= Assigned task =
Exactly the lines from the top of the records below through the one containing "Letschef Stainless Steel" must be set down, with no line added or dropped.

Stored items
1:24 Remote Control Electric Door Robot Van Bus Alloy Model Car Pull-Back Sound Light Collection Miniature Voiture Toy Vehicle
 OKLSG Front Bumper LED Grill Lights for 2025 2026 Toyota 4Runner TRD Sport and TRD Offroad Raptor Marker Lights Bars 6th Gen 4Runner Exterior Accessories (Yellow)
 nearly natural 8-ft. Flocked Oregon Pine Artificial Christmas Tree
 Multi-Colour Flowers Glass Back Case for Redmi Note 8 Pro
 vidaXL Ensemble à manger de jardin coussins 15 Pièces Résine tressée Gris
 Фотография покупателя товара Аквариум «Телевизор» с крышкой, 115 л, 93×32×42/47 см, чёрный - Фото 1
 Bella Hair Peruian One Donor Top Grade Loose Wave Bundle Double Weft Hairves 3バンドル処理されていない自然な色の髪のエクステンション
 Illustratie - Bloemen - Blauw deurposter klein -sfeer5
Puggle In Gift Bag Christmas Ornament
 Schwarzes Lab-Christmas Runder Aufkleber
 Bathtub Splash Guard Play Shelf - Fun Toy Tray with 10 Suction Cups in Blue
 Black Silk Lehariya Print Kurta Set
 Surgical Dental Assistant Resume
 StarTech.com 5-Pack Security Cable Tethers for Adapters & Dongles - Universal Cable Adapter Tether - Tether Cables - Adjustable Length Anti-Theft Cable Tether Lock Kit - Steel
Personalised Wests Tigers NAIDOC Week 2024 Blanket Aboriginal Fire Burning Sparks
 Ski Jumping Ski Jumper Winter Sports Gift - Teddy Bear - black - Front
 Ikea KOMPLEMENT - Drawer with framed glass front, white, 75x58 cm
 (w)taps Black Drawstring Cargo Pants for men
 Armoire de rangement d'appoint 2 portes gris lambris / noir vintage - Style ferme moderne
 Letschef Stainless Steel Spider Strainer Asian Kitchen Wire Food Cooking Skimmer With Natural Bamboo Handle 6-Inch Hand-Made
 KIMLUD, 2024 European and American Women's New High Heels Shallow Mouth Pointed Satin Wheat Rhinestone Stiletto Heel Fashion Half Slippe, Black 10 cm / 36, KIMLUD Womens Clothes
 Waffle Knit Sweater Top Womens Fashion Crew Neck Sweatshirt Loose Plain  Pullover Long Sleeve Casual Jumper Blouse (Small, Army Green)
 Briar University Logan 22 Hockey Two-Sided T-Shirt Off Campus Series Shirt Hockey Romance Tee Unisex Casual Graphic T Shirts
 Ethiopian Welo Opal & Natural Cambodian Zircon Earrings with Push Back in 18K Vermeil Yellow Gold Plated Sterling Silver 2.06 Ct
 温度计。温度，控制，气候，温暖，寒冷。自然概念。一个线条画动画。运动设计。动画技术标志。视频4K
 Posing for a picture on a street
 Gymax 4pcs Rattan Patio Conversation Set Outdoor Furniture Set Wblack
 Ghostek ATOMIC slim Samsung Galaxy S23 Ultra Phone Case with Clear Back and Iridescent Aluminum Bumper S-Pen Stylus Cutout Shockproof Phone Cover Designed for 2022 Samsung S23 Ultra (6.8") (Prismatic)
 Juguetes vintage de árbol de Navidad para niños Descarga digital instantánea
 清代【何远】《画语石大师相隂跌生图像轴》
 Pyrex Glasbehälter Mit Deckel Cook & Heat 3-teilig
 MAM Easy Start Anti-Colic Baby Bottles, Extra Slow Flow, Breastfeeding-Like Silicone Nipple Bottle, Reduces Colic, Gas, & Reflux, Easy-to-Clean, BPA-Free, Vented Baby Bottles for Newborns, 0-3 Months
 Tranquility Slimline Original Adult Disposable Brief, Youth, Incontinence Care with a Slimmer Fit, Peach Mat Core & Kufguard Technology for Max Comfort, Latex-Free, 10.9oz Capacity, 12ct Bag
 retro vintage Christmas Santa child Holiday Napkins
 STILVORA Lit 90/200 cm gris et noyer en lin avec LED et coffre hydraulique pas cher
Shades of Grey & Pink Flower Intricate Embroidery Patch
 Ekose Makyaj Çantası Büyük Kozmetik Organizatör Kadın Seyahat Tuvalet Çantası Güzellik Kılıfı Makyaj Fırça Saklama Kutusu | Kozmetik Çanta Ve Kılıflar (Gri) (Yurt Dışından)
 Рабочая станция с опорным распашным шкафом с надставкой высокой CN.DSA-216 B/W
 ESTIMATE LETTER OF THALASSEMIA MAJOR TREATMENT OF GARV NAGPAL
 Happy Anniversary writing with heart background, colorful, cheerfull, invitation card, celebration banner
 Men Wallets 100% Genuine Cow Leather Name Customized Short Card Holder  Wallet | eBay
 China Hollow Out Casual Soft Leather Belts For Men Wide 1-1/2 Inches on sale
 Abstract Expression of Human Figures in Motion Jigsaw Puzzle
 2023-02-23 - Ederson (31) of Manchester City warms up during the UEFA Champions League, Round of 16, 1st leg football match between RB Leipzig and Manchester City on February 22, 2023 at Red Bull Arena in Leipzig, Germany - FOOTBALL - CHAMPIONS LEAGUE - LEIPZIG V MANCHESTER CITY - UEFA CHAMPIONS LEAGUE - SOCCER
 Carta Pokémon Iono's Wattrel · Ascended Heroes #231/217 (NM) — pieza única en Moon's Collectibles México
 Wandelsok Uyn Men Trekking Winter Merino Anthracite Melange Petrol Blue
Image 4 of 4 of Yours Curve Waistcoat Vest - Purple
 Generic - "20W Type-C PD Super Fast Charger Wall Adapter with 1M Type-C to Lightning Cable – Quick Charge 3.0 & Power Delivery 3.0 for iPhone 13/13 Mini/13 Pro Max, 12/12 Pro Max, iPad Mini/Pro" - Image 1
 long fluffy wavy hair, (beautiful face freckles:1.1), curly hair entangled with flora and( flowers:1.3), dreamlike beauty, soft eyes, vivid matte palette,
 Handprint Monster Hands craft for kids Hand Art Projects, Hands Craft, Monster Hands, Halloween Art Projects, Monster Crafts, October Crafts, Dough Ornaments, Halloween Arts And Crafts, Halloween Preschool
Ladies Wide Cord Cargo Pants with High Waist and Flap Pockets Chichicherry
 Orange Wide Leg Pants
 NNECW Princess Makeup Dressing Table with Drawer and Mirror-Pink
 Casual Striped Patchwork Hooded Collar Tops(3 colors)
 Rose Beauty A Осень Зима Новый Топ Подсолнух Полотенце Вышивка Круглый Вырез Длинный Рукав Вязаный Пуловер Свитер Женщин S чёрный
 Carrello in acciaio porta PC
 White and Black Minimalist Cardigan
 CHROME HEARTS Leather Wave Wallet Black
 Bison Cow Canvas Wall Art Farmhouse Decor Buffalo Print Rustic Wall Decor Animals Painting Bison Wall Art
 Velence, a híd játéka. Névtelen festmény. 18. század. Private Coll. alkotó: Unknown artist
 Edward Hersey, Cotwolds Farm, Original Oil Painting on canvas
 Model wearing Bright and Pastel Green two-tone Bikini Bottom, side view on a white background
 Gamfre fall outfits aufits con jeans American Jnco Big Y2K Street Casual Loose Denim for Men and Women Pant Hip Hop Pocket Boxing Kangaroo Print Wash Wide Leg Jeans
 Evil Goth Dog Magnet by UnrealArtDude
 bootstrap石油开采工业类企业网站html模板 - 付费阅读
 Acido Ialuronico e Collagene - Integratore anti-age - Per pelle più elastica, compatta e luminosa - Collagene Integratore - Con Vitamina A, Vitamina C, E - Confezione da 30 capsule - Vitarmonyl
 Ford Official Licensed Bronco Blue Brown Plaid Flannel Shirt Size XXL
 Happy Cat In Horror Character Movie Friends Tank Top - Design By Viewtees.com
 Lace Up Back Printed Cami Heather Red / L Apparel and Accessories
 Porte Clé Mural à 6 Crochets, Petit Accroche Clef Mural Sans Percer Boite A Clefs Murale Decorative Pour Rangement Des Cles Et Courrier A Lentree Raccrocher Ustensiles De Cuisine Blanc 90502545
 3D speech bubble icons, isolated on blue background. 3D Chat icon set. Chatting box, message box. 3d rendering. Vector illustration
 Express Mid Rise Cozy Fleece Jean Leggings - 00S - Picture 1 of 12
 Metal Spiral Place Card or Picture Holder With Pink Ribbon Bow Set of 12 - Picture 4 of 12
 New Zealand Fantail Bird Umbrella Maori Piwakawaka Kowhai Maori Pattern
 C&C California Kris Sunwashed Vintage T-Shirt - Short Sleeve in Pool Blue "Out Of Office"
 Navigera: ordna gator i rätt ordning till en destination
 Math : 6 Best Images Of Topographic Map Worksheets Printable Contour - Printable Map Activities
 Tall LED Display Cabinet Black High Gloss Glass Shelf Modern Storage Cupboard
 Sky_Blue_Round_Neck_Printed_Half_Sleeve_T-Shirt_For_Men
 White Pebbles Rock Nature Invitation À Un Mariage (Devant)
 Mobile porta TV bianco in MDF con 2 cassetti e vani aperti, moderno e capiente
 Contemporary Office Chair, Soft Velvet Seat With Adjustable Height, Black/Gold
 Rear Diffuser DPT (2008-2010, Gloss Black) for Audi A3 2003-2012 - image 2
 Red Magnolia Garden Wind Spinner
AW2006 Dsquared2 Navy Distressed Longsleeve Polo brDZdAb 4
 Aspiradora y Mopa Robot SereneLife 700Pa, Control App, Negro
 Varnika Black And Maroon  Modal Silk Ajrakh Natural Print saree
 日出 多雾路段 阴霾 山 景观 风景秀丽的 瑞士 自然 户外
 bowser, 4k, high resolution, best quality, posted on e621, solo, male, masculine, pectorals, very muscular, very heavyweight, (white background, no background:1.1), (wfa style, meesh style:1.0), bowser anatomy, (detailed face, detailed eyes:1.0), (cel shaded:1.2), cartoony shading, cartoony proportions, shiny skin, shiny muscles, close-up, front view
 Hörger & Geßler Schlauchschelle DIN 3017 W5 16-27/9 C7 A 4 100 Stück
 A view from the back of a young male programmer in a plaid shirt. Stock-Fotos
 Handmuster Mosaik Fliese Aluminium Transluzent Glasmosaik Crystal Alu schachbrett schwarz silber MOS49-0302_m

= Written answer =
1:24 Remote Control Electric Door Robot Van Bus Alloy Model Car Pull-Back Sound Light Collection Miniature Voiture Toy Vehicle
 OKLSG Front Bumper LED Grill Lights for 2025 2026 Toyota 4Runner TRD Sport and TRD Offroad Raptor Marker Lights Bars 6th Gen 4Runner Exterior Accessories (Yellow)
 nearly natural 8-ft. Flocked Oregon Pine Artificial Christmas Tree
 Multi-Colour Flowers Glass Back Case for Redmi Note 8 Pro
 vidaXL Ensemble à manger de jardin coussins 15 Pièces Résine tressée Gris
 Фотография покупателя товара Аквариум «Телевизор» с крышкой, 115 л, 93×32×42/47 см, чёрный - Фото 1
 Bella Hair Peruian One Donor Top Grade Loose Wave Bundle Double Weft Hairves 3バンドル処理されていない自然な色の髪のエクステンション
 Illustratie - Bloemen - Blauw deurposter klein -sfeer5
Puggle In Gift Bag Christmas Ornament
 Schwarzes Lab-Christmas Runder Aufkleber
 Bathtub Splash Guard Play Shelf - Fun Toy Tray with 10 Suction Cups in Blue
 Black Silk Lehariya Print Kurta Set
 Surgical Dental Assistant Resume
 StarTech.com 5-Pack Security Cable Tethers for Adapters & Dongles - Universal Cable Adapter Tether - Tether Cables - Adjustable Length Anti-Theft Cable Tether Lock Kit - Steel
Personalised Wests Tigers NAIDOC Week 2024 Blanket Aboriginal Fire Burning Sparks
 Ski Jumping Ski Jumper Winter Sports Gift - Teddy Bear - black - Front
 Ikea KOMPLEMENT - Drawer with framed glass front, white, 75x58 cm
 (w)taps Black Drawstring Cargo Pants for men
 Armoire de rangement d'appoint 2 portes gris lambris / noir vintage - Style ferme moderne
 Letschef Stainless Steel Spider Strainer Asian Kitchen Wire Food Cooking Skimmer With Natural Bamboo Handle 6-Inch Hand-Made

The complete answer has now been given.